------ Dataset entries

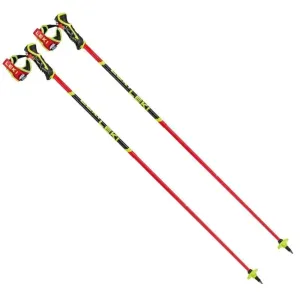 Палиці LEKI WCR TBS SL 3D bright red-black-neonyellow 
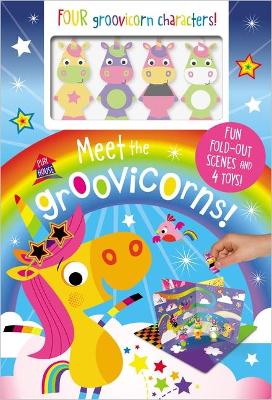 Cover of Meet the Groovicorns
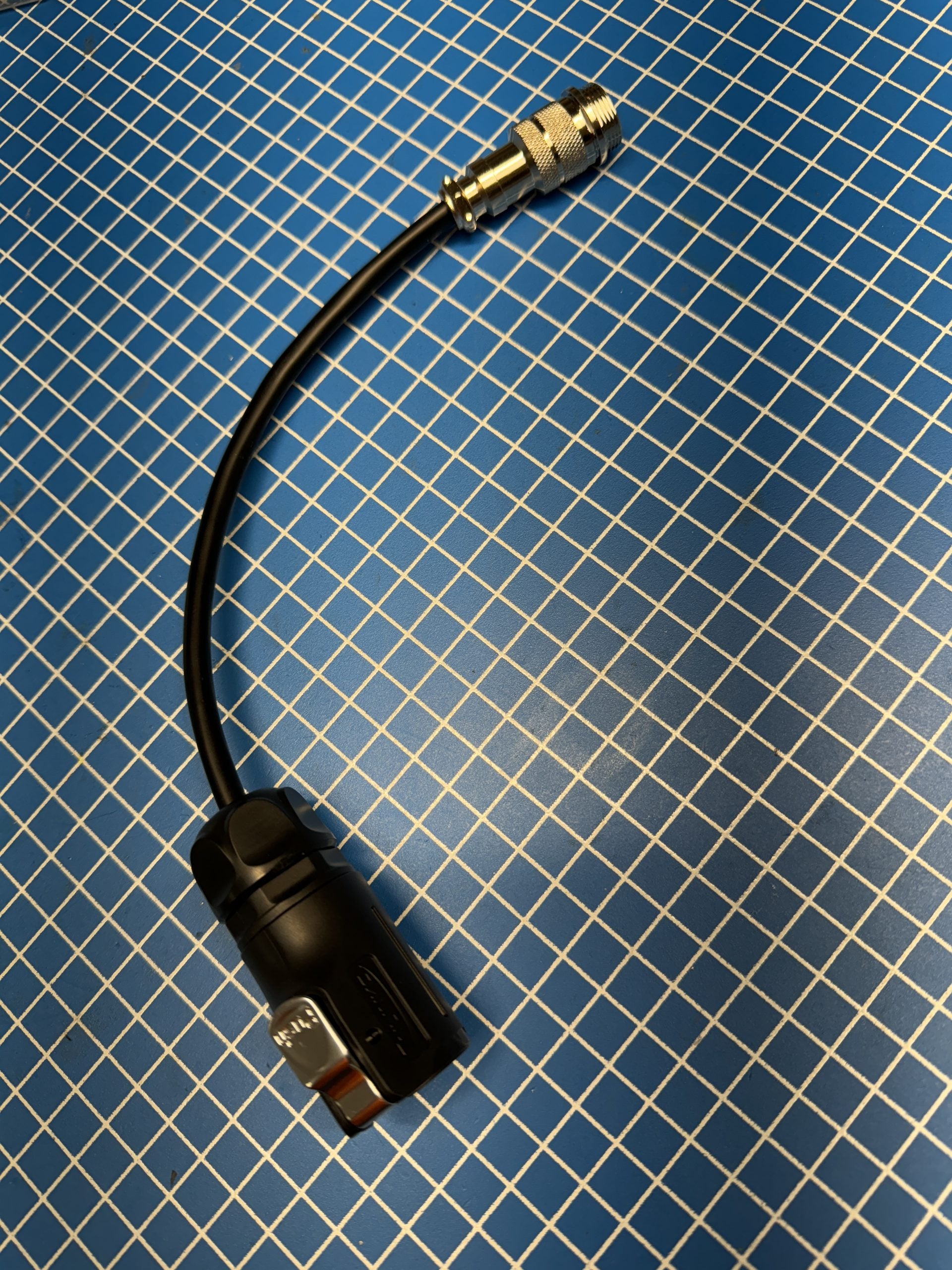 Heavy Duty Rotary Plug for UV laser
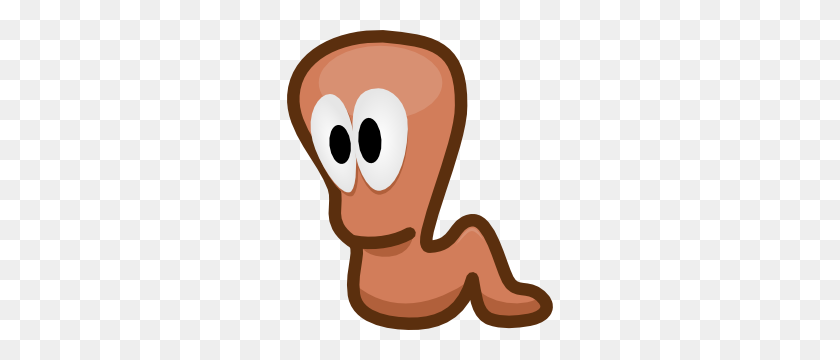 266x300 Image - Worm PNG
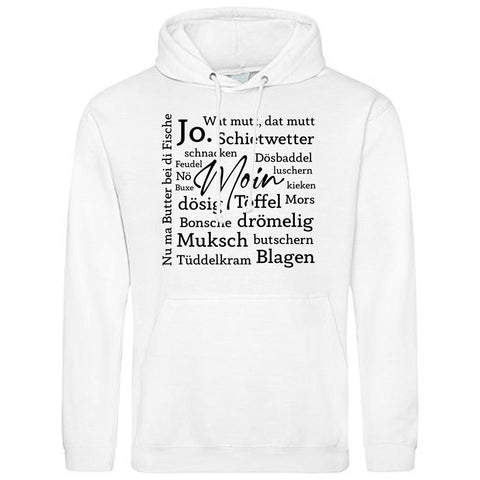 Wat mutt Herren Kapuzenpulli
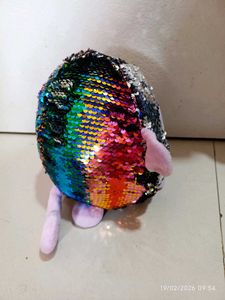 Sequin Plush Monkey Toy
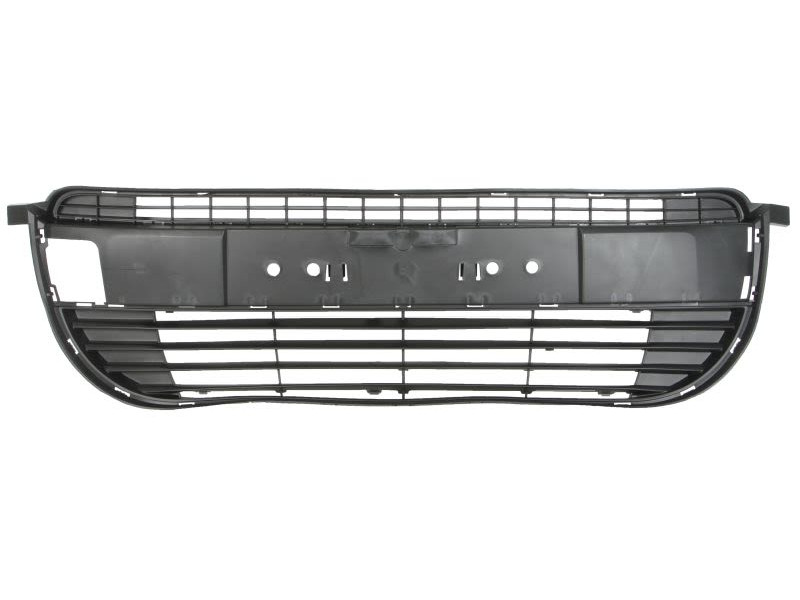 Решітка переднього бампера середня Renault Kangoo 2 2013-2021 FPS 622549985R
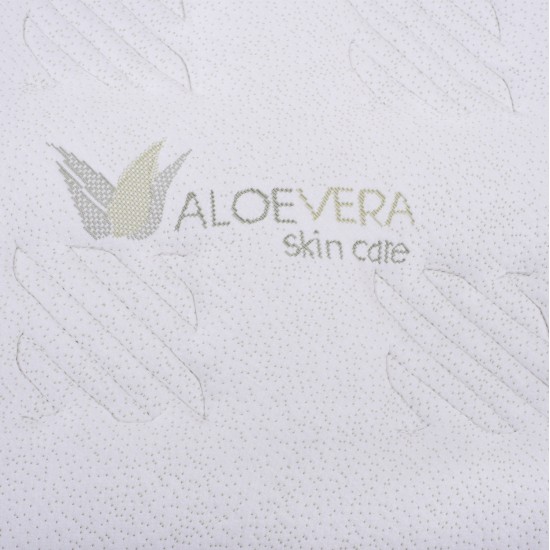 ΣΤΡΩΜΑ CONTINUOUS SPRING ΑΝΩΣΤΡΩΜΑ ALOE VERA 160X200 HM372.16 ΜΟΝΗΣ ΟΨΗΣ ΣΤΡΩΜΑ CONTINUOUS SPRING ΑΝΩΣΤΡΩΜΑ ALOE VERA 160X200 HM372.16 ΜΟΝΗΣ ΟΨΗΣ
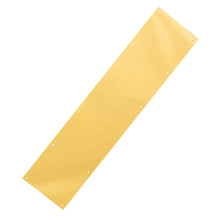 Load image into Gallery viewer, A6960, 8"x34" & 6"x34" Brite Brass on Aluminum Door Kick Plate MP4618A MP4703 .C10 &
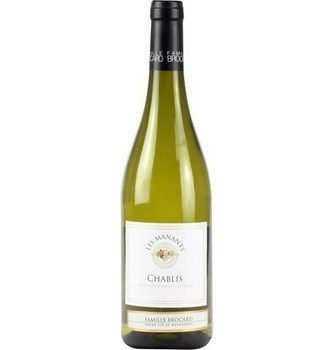 Chablis AOC Les Manants Famille Brocard 12,5° 75 cl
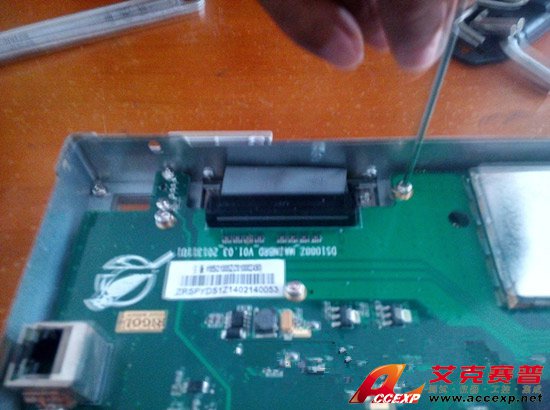 MSO1104Z示波器拆解 MSO1104Z示波器拆解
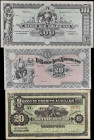 MIXED LOTS. ECUADOR & URUGUAY. Lot of (3). Mixed Denominations, 1887-1920. P-S164r, S253r & S254r. Remainders. Fine to About Uncirculated.
SOLD AS IS...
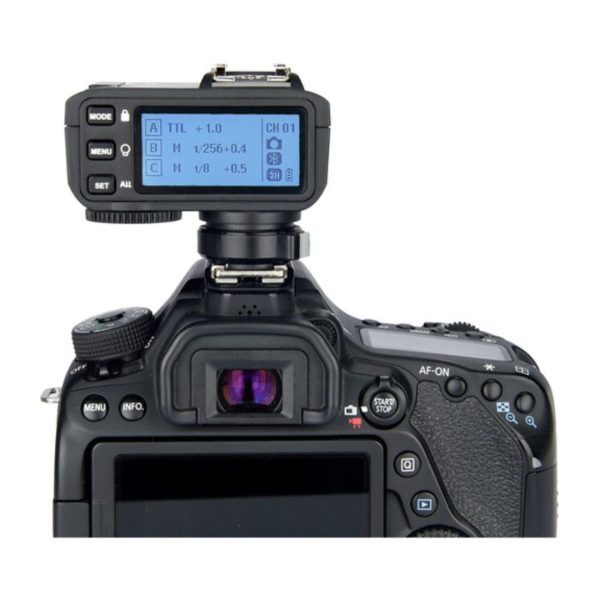 Godox X2 2.4 GHz TTL Wireless Flash Trigger for Canon 04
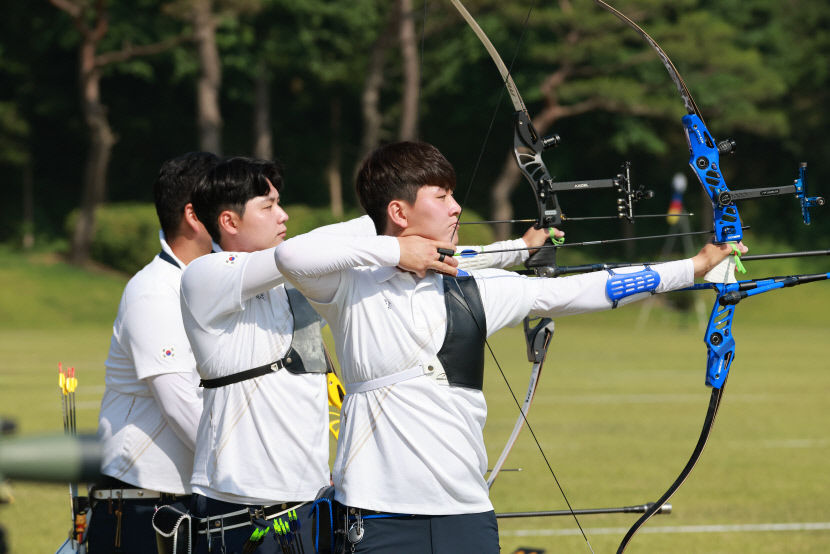 한국 양궁 남녀단체 26일 예천서 동반 금 사냥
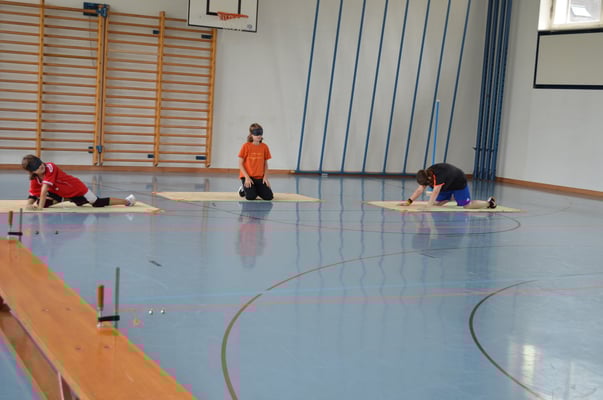 Miro, Rhiana und Sabrina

------------

§ What this task involves
Please print exactly the lines running from the line with "Chablis AOC Les" through the final line of the material, and nothing more. Keep pictures out.

§ Reply
 Chablis AOC Les Manants Famille Brocard 12,5° 75 cl
 MSO1104Z示波器拆解 MSO1104Z示波器拆解
 MIXED LOTS. ECUADOR & URUGUAY. Lot of (3). Mixed Denominations, 1887-1920. P-S164r, S253r & S254r. Remainders. Fine to About Uncirculated.
SOLD AS IS...
 Godox X2 2.4 GHz TTL Wireless Flash Trigger for Canon 04
 한국 양궁 남녀단체 26일 예천서 동반 금 사냥
 Miro, Rhiana und Sabrina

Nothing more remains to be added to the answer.